Tuning is not an absolute science. A riders weight and gear can make a big difference on the amount of fuel needed to move the bike.
With the higher duration cam in the Sport bikes, you get back flow due to the intake valve staying open longer. Making the engine run much better at higher rpm's. Probably the reason for the pressurized stock airbox assembly. The nature of the beast. Giving up low rpm performance for high rpm performance.

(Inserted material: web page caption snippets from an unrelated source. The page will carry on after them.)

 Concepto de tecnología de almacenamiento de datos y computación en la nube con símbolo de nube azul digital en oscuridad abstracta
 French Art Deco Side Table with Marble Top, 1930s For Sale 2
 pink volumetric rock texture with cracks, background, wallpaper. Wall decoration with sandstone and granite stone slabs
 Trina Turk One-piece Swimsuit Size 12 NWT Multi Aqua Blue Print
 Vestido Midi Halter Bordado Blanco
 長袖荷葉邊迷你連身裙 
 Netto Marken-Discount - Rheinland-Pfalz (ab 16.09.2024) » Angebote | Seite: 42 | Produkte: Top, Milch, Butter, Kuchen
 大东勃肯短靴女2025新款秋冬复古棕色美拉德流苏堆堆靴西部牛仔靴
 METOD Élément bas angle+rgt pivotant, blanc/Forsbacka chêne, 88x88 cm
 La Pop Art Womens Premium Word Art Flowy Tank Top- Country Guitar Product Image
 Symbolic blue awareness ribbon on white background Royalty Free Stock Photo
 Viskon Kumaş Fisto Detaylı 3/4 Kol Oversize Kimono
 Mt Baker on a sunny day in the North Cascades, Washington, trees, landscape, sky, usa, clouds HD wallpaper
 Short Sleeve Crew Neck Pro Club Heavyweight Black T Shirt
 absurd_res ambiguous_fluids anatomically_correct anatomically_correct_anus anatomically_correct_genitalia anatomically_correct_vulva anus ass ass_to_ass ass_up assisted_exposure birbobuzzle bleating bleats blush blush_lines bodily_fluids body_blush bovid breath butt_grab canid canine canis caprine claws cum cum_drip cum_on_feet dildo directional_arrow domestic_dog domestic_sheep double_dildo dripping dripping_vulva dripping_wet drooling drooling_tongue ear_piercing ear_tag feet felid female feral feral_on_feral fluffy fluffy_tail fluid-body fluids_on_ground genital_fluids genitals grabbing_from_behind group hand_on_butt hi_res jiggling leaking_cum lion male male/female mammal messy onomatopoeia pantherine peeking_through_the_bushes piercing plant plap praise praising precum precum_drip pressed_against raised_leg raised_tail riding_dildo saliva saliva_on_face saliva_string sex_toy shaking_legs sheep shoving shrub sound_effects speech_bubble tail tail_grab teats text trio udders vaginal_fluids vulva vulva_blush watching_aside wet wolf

The higher domed piston reduces the size of the combustion chamber at tdc giving the engine and the higher compression ratio. I put a set of V11 high dome pistons in my California engine with the smaller combustion chamber. Cranking pressure was 225 psi. Way to much as Pete R said. The head was going to blow off. I raised the cylinder with and extra base gasket and got the compression down to 185 psi. The 8 spring clutch would not handle the extra h.p. Replaced it with Ram. I have not had a chance to test the Ram clutch. Waiting on the 3m marine sealant to cure on the rear spoke wheel tubeless conversion. Takes 7 days to cure. And the weather sucks. Went from 0 degrees F to Monsoon season.
My carbed 1996 Sport ran great with K&N pods and D&D exhaust. Much better than my riding ability. If I want more power and more speed, I have a FJ1200 that is scary fast. If I want slow and fun, a Buell Blast. And for the Old School Cool day's a KZ1000 LTD.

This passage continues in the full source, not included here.